O tom intimidador é expresso numa das ameaças recebidas por um comerciante leopoldense: “Se a gente não encostar de um jeito, a gente vai encostar de outro, irmão. Ou resolve na boa com nós, ou vai ser na ruim, mano. Sabe como funciona. Não tem muito papo… Tô tentando levar na boa contigo, na elegância, e se não for na boa, vai ser na dor”.

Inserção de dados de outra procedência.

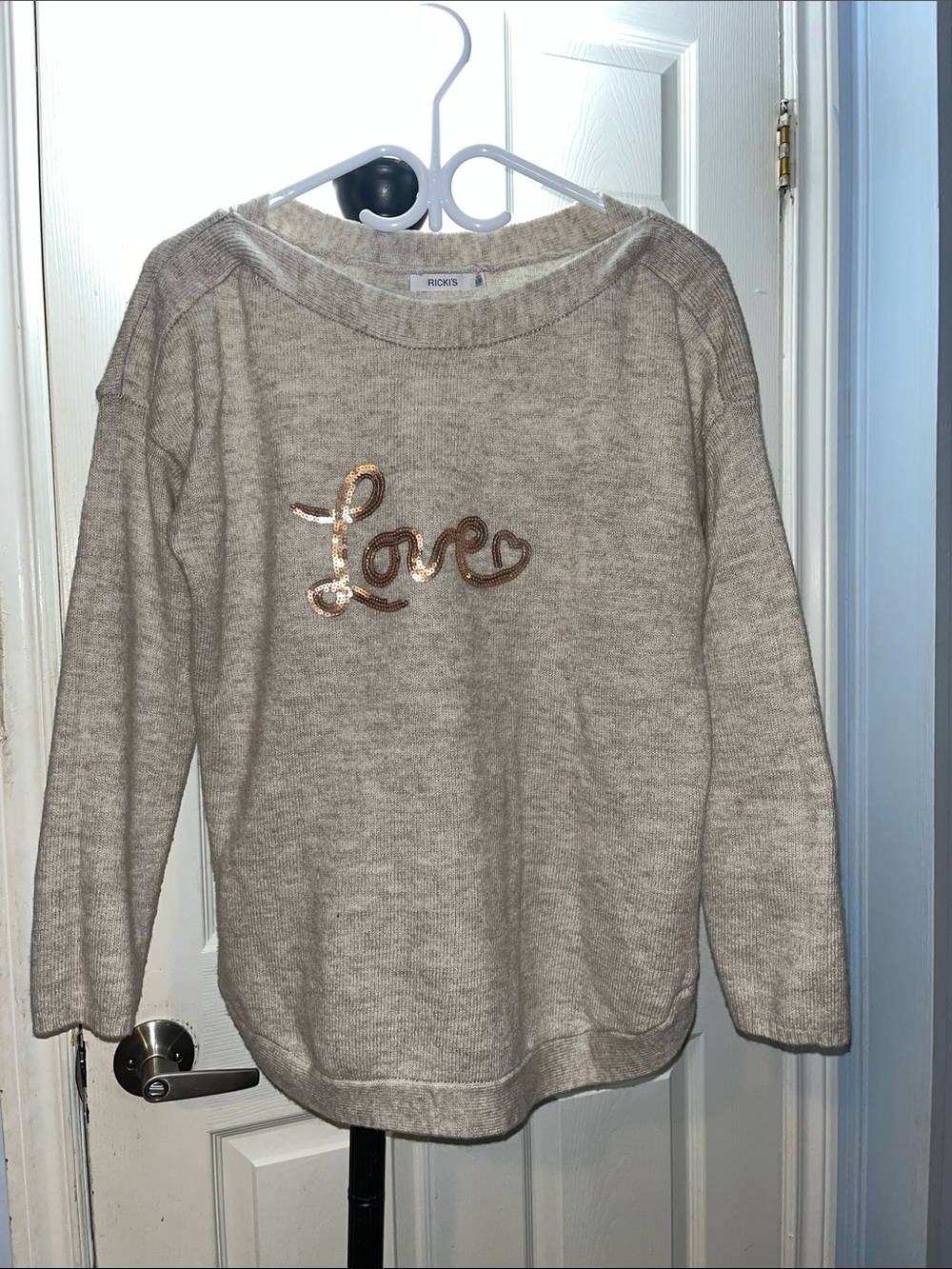 Ricki's Cream Knit Sweater with Gold Sequin 'Love' Script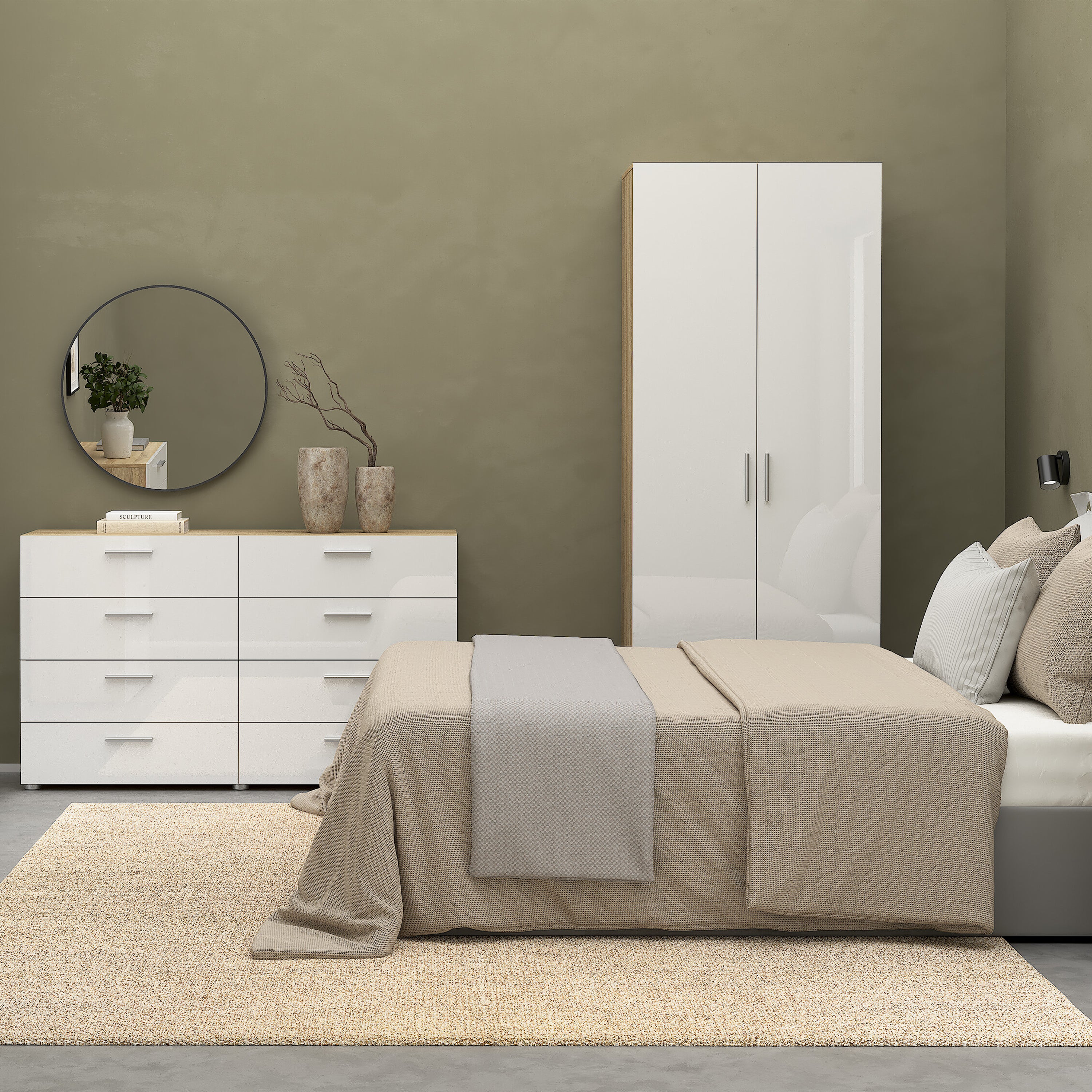 Pepe Wardrobe with 2 Doors in Oak with White High Gloss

Companheiras recebiam e transferiam dinheiro
A Operação Fake Security (segurança falsa em inglês) prendeu quatro mulheres, de 22, 26, 27 e 52 anos, nos bairros Santos Dumont, Vicentina e São Miguel, em São Leopoldo, e no bairro Operária, em Campo Bom. Os policiais ainda cumpriram mandado de busca e apreensão no bairro Canudos, em Novo Hamburgo.
Capturadas em casa, elas são companheiras e parentes dos três apenados. “Eram responsáveis por receber e transferir o dinheiro arrecadado com as extorsões”, expõe o delegado.
Com uma delas, no Santos Dumont, foram apreendidos três quilos de crack, um tijolo de cocaína, apetrechos para refino e preparo da droga, dezenas de munições calibre 12 e quatro camisetas da Polícia Civil. “Essa, além do mandado de prisão, foi autuada em flagrante por tráfico de drogas e posse irregular de arma de fogo”, salienta Serrão.
Segundo ele, outros envolvidos podem ser identificados e presos. “As investigações iniciaram há oito meses, quando a Polícia identificou vítimas que eram extorquidas por traficantes. Conforme apurado, elas eram obrigadas a fazer pagamentos mensais para que tivessem a segurança garantida.” A operação empregou 50 policiais civis e contou com apoio da Brigada Militar.